In a report, the macroeconomy research firm said the rate cut was widely expected after the dismal second quarter economic growth performance of 5.5 percent.
“With inflation set to fall back further and growth only likely to stage a moderate recovery over the coming months, we expect another 25-basis point cut before the year is through,” Capital Economics said.
Capital Economics expects the central bank to slash rates anew in its meeting in November.
It noted that while the economy can be expected to recover in the second half of the year, growth is expected to be modest and as such, support must be provided to sustain growth.
The firm has also downgraded its full-year growth expectations for the economy to 5.8 percent from its earlier forecast of six percent.
With regards to any further cuts in the reserve requirement ratio (RRR) for banks, Capital Economics expects the central bank to hold fire for a few months as it observes the impact of the previous 200 bps of cuts to the RRR this year.

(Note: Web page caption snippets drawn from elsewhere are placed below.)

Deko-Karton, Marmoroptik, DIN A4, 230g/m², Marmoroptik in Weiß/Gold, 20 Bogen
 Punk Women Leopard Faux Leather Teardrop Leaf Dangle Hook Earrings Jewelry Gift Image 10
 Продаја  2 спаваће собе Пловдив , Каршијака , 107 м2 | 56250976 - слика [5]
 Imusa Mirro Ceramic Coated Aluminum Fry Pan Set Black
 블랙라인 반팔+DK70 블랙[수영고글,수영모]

“The BSP noted that it hadn’t seen much evidence of the extra liquidity making its way into increased bank lending or broad money growth in the June data, but had anecdotal evidence of more of an impact in July,” it said.
But with inflation seen to fall below the government’s target of two up to four percent, the firm said the BSP can be expected to lay out another 200 basis points cuts in the RRR outside of a regular monetary policy meeting sometime in the fourth quarter.
“Rice prices have continued to fall and are likely to remain under downward pressure from the lifting of import quotas. Meanwhile, fuel prices are set to remain low on the back of lower global oil prices. As last year’s spikes in both price categories enter the annual comparison in September and October, year-on-year inflation in the two commodities, which are heavily weighted in the CPI basket, is set to decline steeply,” Capital Economics said.
Slower economic growth as a result of weakening consumption will also keep a lid on price pressures, the firm said.